We will set as our target locations those of the pixels in the target surface we have seen above:
canvas_mt = canvas.rio.reproject(5726)
xy_pairs = canvas_mt.to_series().index
xys = np.array(
[
xy_pairs.get_level_values("x"),
xy_pairs.get_level_values("y")
]
).T
To obtain pollution estimates at each location, we can predict
with model
:
predictions_grid = model.predict(xys)
And with these at hand, we can convert them into a surface:
predictions_series = pandas.DataFrame(
{"predictions_grid": predictions_grid}
).join(
pandas.DataFrame(xys, columns=["x", "y"])
).set_index(["y", "x"])
predictions_surface = xarray.DataArray().from_series(
predictions_series["predictions_grid"]
).rio.write_crs(canvas_mt.rio.crs)
f, axs = plt.subplots(1, 2, figsize=(16, 6))
cvs_pollution.where(
cvs_pollution>0
).plot(ax=axs[0])
axs[0].set_title("Observed")
predictions_surface.where(
predictions_surface>0
).rio.reproject_match(
cvs_pollution
).plot(ax=axs[1])
axs[1].set_title("Predicted")
plt.show()
f, ax = plt.subplots(1, figsize=(9, 4))
cvs_pollution.where(
cvs_pollution>0
).plot.hist(
bins=100, alpha=0.5, ax=ax, label="Observed"
)
predictions_surface.rio.reproject_match(
cvs_pollution
).plot.hist(
bins=100, alpha=0.5, ax=ax, color="g", label="predicted"
)
plt.legend()
plt.show()
Room for improvement but, remember this was a rough first pass!
Challenge
Train a model with pollution measurements from each city location and generate a surface from it.

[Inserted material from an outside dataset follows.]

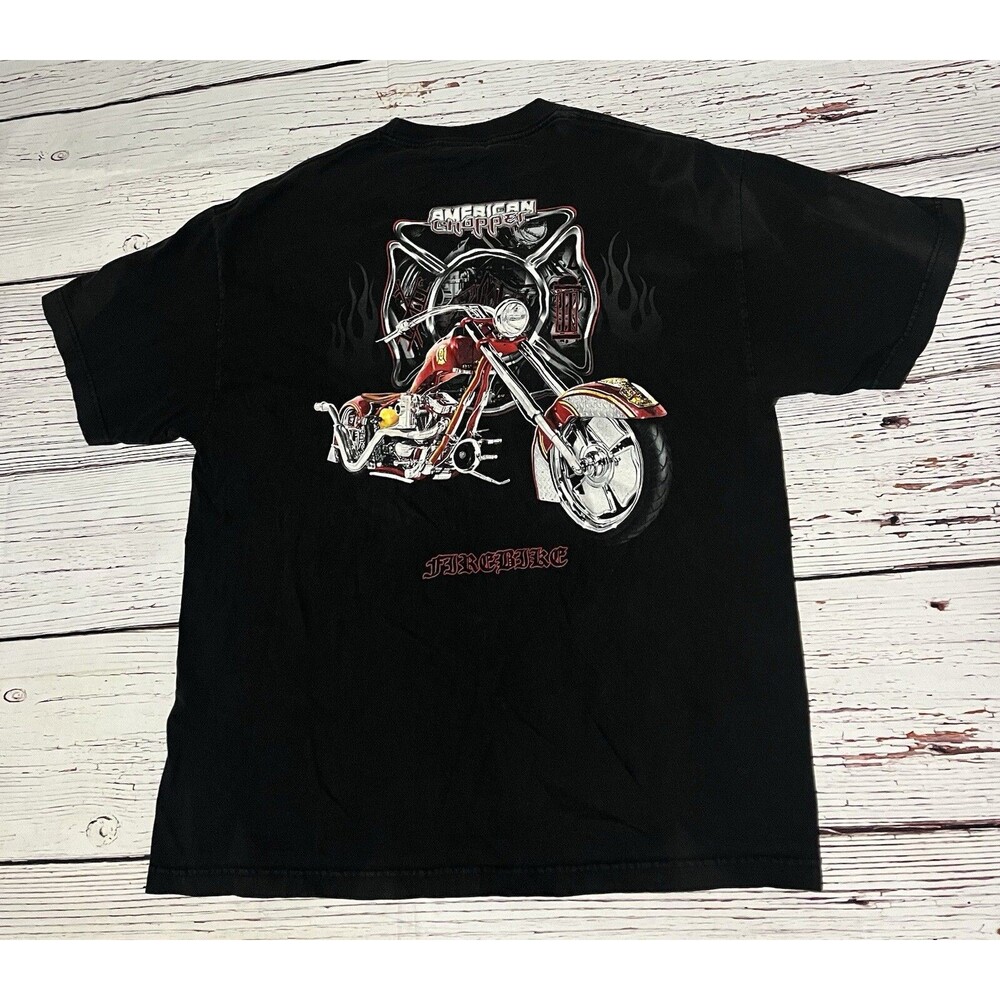 American Chopper Shirt Mens Large Y2K Biker Motorcycle 2003 Firebike Graphic VTG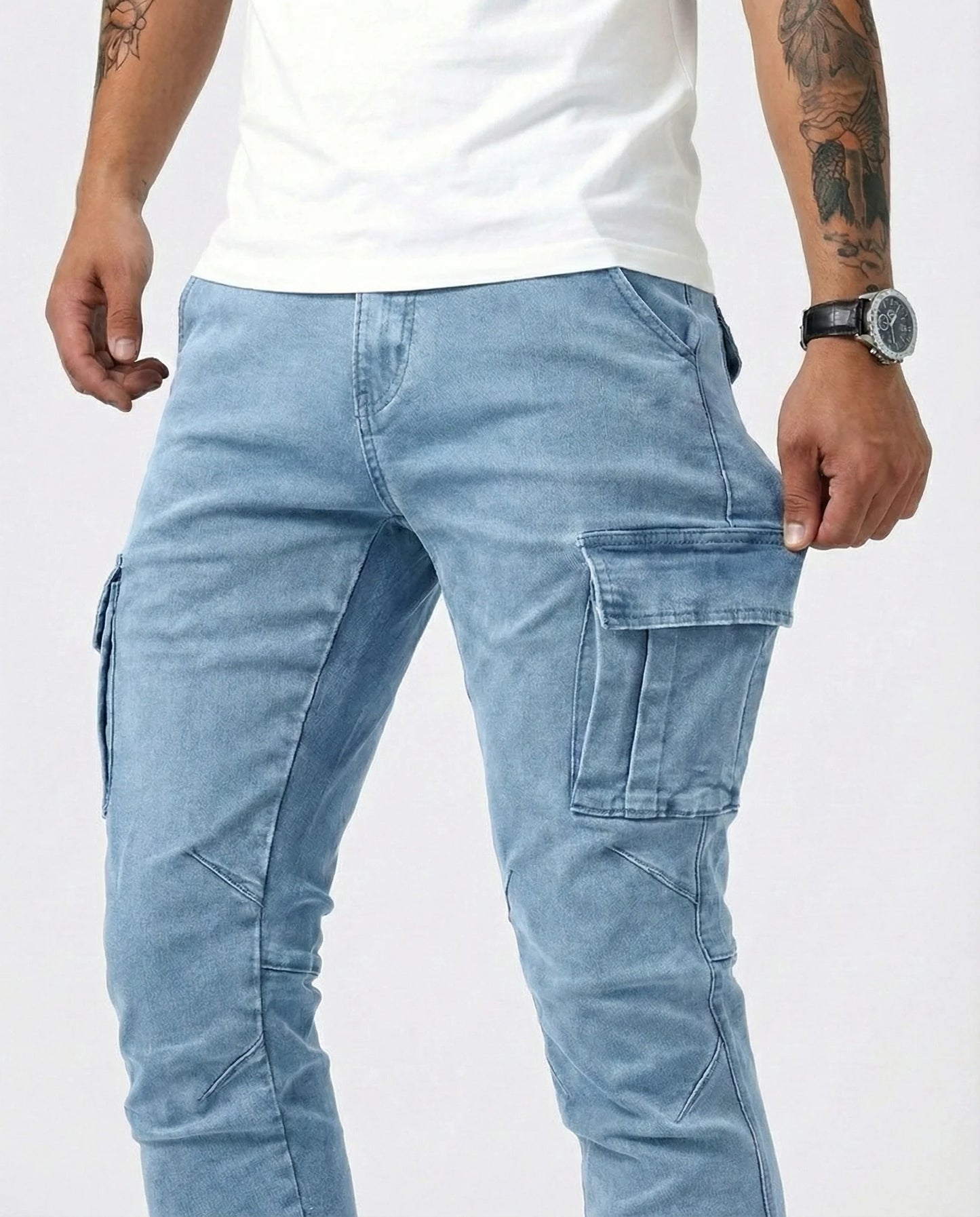 Jeans Cargo Slim Stretch Hombre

How does the output compare to the one above? Why do you think that is?
Polygons to polygons¶
In this final example, we transfer data from a polygon geography to another polygon geography. Effectively, we re-apportion values from one set of areas to another based on the extent of shared area.
Our illustration will cover how to move pollution estimates from regions
into a uniform hexagonal grid we will first create.
import tobler
hex_grid = tobler.util.h3fy(
regions, resolution=5
)
Not that pollution is expressed as an intesive (rate) variable. We need to recognise this when specifying the interpolation model:
%%time
pollution_hex = tobler.area_weighted.area_interpolate(
regions.assign(geometry=regions.buffer(0)).to_crs(epsg=5726),
hex_grid.to_crs(epsg=5726),
intensive_variables=["no2_mean"]
)
CPU times: user 440 ms, sys: 4.92 ms, total: 445 ms
Wall time: 447 ms
And the results look like:
f, axs = plt.subplots(1, 3, figsize=(12, 4))
regions.plot(
"no2_mean", scheme="quantiles", k=12, ax=axs[0]
)
axs[0].set_axis_off()
hex_grid.plot(
facecolor="none", edgecolor="red", ax=axs[1]
)
axs[1].set_axis_off()
pollution_hex.to_crs(epsg=4326).plot(
"no2_mean", scheme="quantiles", k=12, ax=axs[2]
)
axs[2].set_axis_off()
plt.show()
Challenge
Replicate the analytis using resolution = 4
. How is the result different? Why?
🐾 Next steps¶
If you are interested in learning more about spatial feature engineering through map matching, the following pointers might be useful to delve deeper into specific types of “data transfer”:
The
datashader
library is a great option to transfer geo-tables into surfaces, providing tooling to perform these operations in a highly efficient and performant way.When aggregating surfaces into geo-tables, the library
rasterstats
contains most if not all of the machinery you will need.For transfers from polygon to polygon geographies,
tobler
is your friend. Its official documentation contains examples for different use cases.